I was in the Philippines last year (2016) visiting local nurse-and-midwife-run health centres that provide models of integrated social medicine, preventative healthcare and health education deeply embedded within the local community that put much primary care work I have seen in the UK in the shade.
Health economists worked out years ago that up to 48% of the work of British GPs could be done as effectively (and at lower cost) by nurses,10 but no government has engaged with this. It seems we still have something to learn from the developing world!
Ways ahead
Among nurses, we need leaders who can converse with those in power locally, nationally and internationally to advocate for the health needs of their communities and the role of nurses within them. And we need it in the UK, Europe and the US as much as they do in Bangladesh, the Philippines or Zambia.

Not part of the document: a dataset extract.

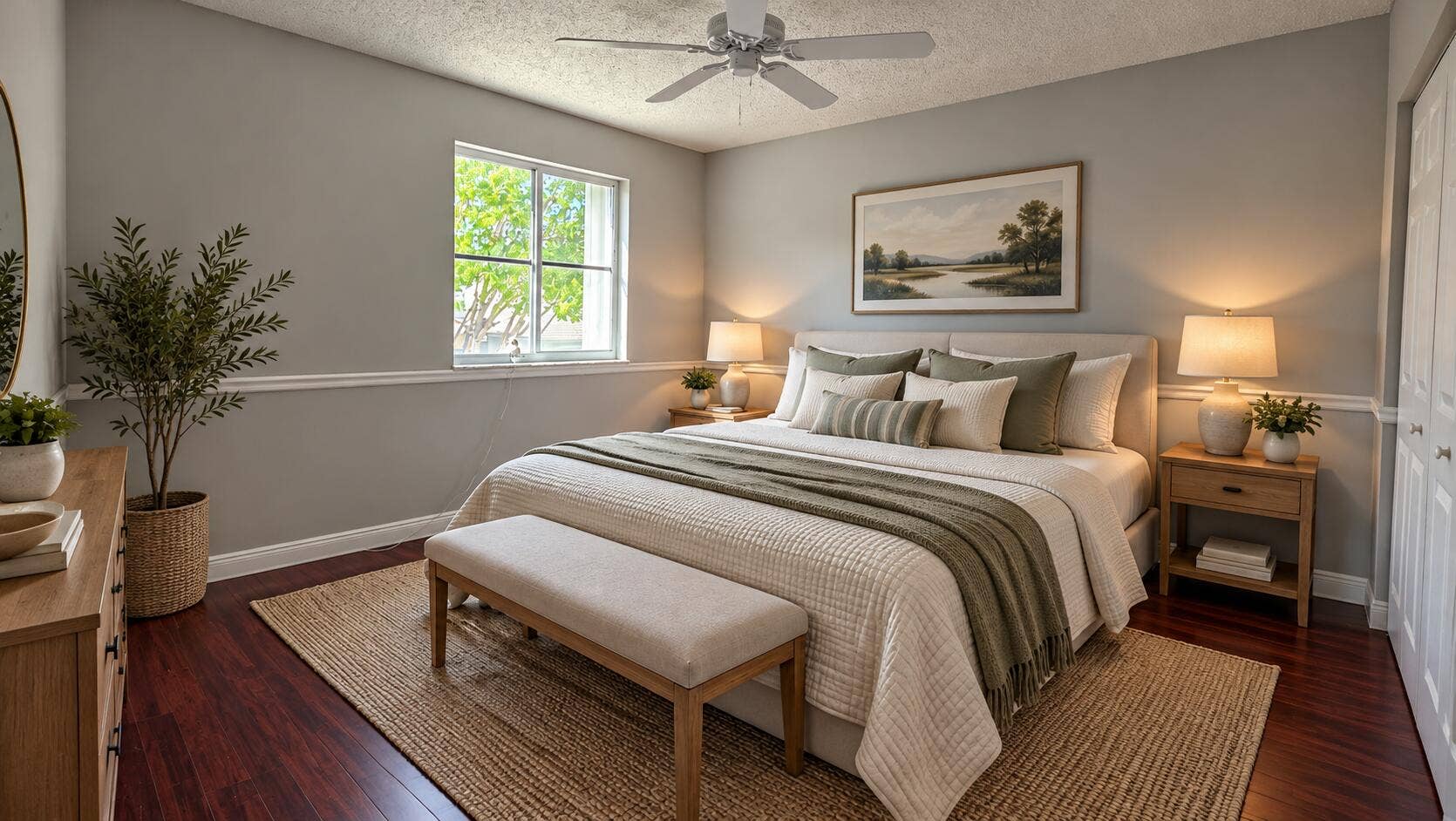 4301 Fox Hollow AI staged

There is a need not only for leadership, but also for the evidence to be disseminated outside the profession, and for more large scale, quantitative and qualitative research on the health and development impacts of nursing.
We need nurses from the UK and other developed countries to have the chance to work alongside nurses in developing countries, not just to impart skills and a values-based whole person care approach to nursing, but also to learn from nurses in developing countries about the real scope, skills and values that lie at the heart of the profession. In short, we should be fostering a two-way street of learning between nurses across the world to empower and envision the profession in every nation.

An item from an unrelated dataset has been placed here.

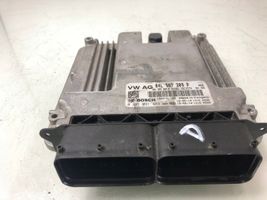 Volkswagen Tiguan Calculateur moteur ECU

This is one of the aims of the Nurses Christian Fellowship International (or NCFI, of which CMF is a member) and its International Institute of Christian Nursing (IICN). 11 Through training programmes in Faith Community Nursing (or Parish Nursing), spiritual care, biblical leadership and others, it aims not only to develop leaders, but godly leaders in the profession around the world who can be a real force for change.

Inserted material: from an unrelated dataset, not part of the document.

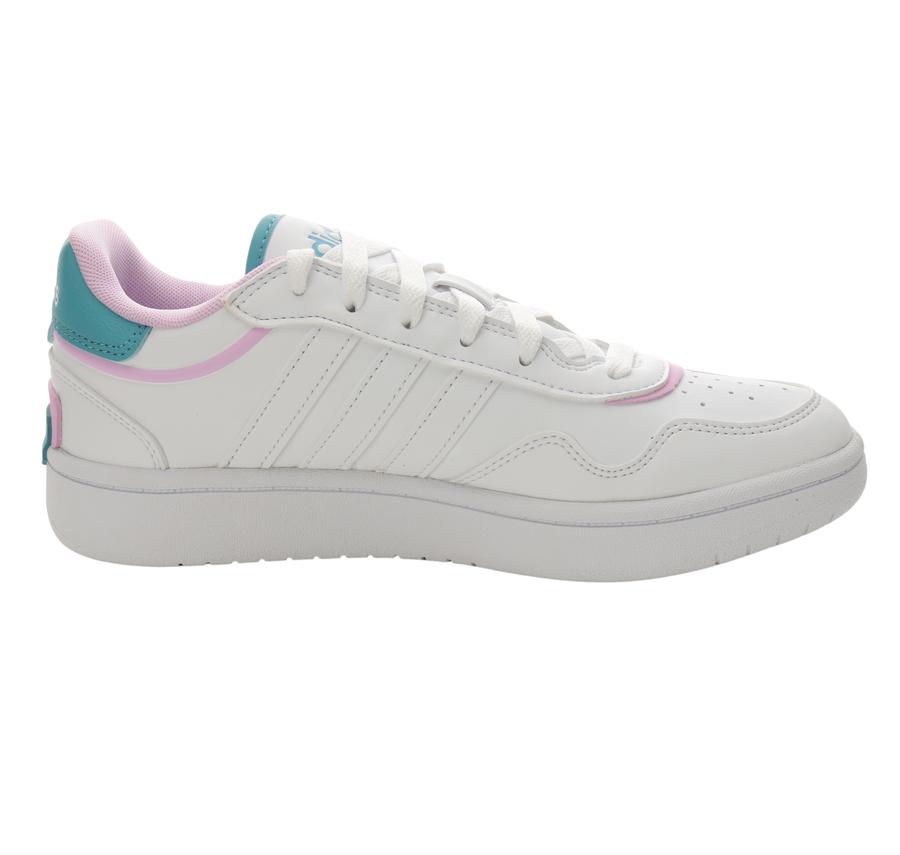 adidas Hoops 3.0 Se W Kadın Spor Ayakkabı Beyaz - Görsel 5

We need a proper professional education and career structure for nursing globally, lobby governments to allow nurses to practise to the full extent of their training and professional scope. Recruitment and retention are the big issues in the UK, the US and most developing nations. However, if we offer scope for development, recognition and influence, then we will go a long way to solving those problems.
To respond to this, the authors of the report have come together to launch a new, global campaign called Nursing Now! 12 to try and address these needs around the world. They have the support of the new Secretary General of the World Health Organisation (WHO), Dr Tedros, who has appointed Ms Elizabeth Iro, currently the Health Secretary of the Cook Islands and a nurse as the Chief Nursing Officer at WHO. 13 These are small but significant changes. However, we need to keep raising the voice and profile of nurses.
Christian nurses in global health
Nursing is so deeply embedded in the Christian faith that it is hard to separate its core values (unconditional care, advocacy for the sick, compassion, education, a whole person understanding of health and care in the context of community and teamwork) from the life and mission of the church. 14 In fact, for centuries, nursing was one of the church’s key ministries, having a sizeable impact on the health and wellbeing of the Roman and mediaeval worlds. 15
I have seen many times the role Christian nurses and midwives have played in hospitals, rural clinics, disaster zones and training institutions to bring hope, healing, grace and kindness into situations that needed the touch of God.
But whatever the background of the nurse, God works through this kind of caring. We need to see more nurses, and especially more Christian nurses out making this kind of a difference in the world!
Steve Fouch is CMF Connections Manager.